In the listing beneath this line, copy exactly the lines starting with the one containing "17 W 10th St Apt 1N, New York City, NY 10011" and going on through the one containing "Organiser un séminaire".

PROVIDED MATERIAL:
- - - - - - -

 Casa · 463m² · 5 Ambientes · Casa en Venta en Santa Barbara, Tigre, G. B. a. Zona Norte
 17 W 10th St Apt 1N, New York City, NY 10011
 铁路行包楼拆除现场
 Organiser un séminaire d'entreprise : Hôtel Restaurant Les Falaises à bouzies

- - - - - - -

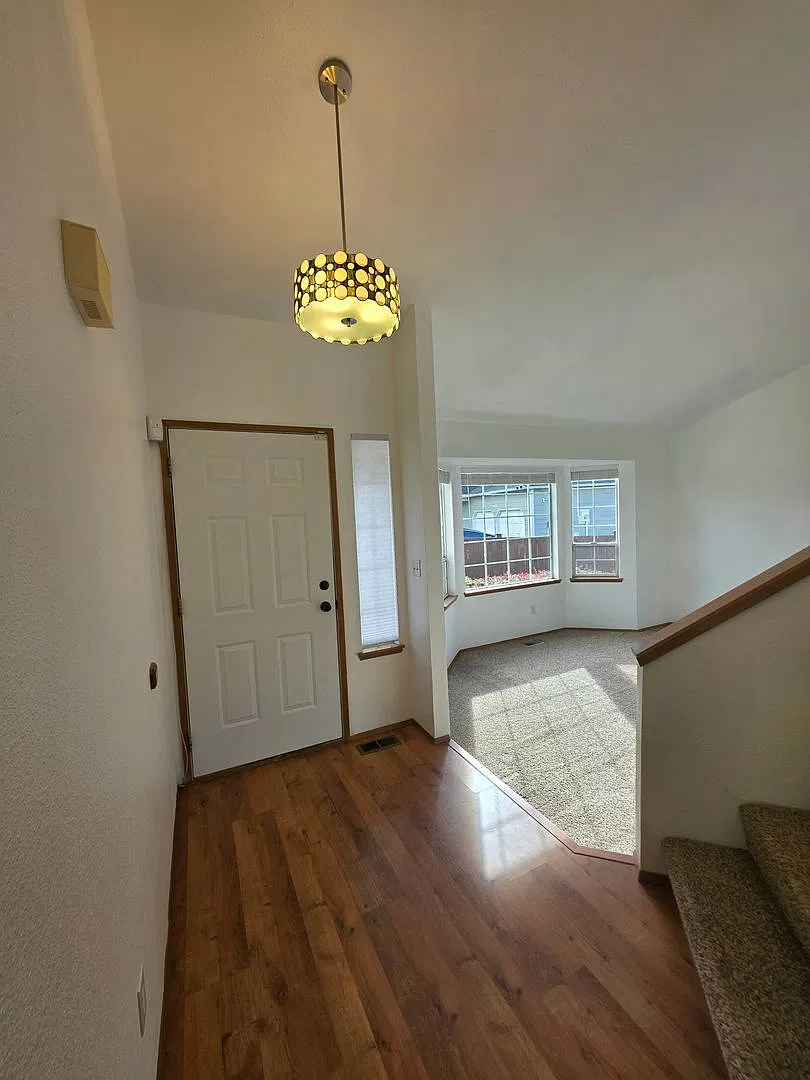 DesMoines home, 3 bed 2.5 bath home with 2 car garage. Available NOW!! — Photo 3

- - - - - - -

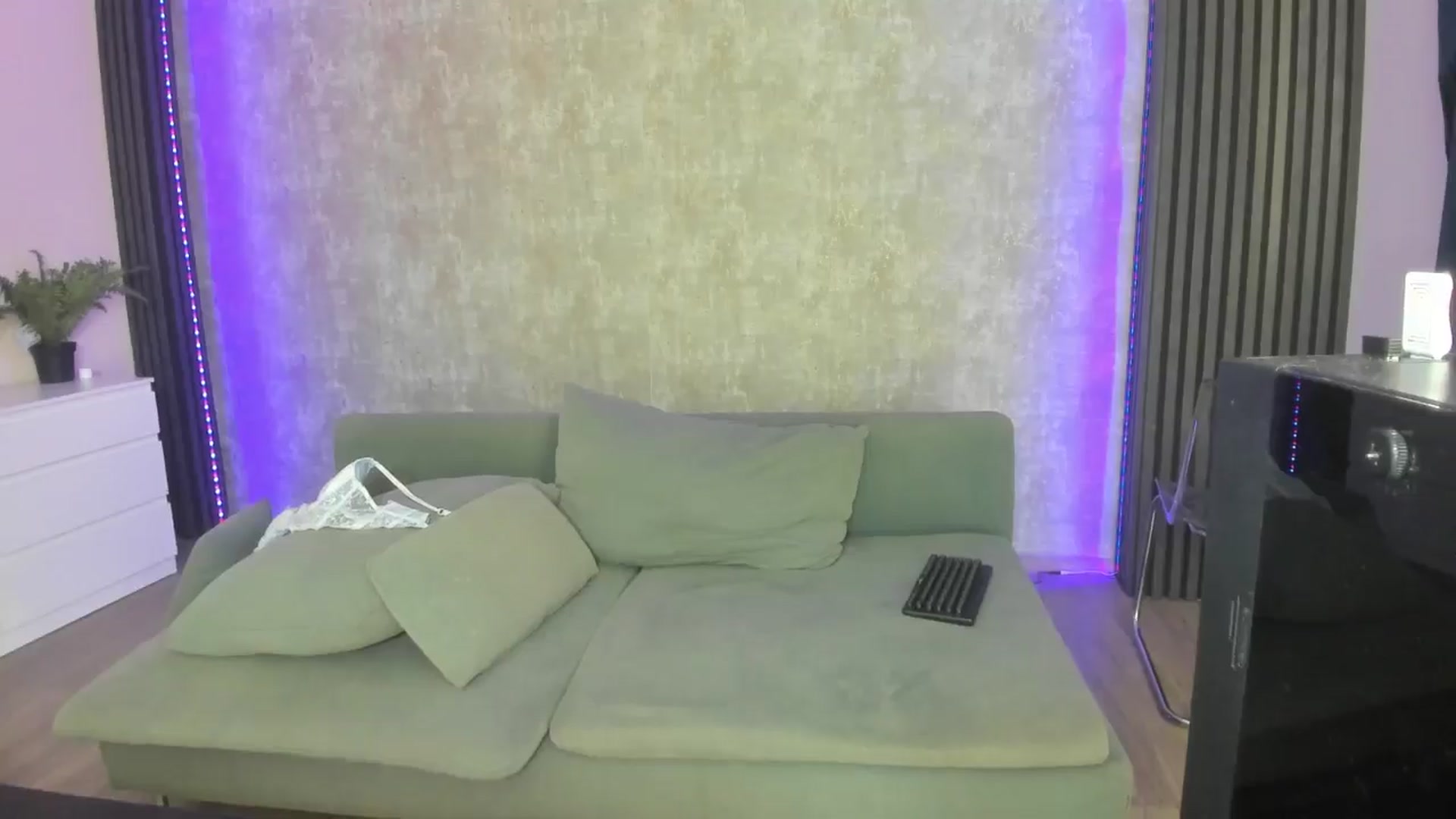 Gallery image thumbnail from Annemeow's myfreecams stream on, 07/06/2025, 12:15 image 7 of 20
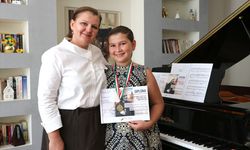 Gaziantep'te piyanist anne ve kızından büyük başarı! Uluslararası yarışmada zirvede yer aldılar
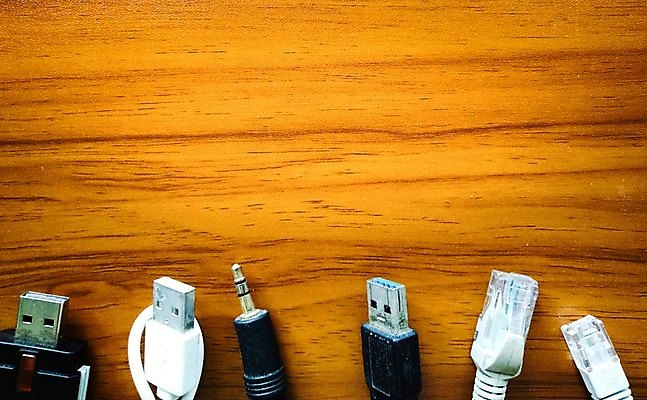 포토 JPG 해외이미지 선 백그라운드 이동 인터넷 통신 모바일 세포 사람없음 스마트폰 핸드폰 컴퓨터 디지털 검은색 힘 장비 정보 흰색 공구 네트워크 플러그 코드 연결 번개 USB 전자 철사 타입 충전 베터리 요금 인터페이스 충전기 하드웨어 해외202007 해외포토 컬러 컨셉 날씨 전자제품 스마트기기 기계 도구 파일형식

- - - - - - -

TASK ANSWER:
 17 W 10th St Apt 1N, New York City, NY 10011
 铁路行包楼拆除现场
 Organiser un séminaire d'entreprise : Hôtel Restaurant Les Falaises à bouzies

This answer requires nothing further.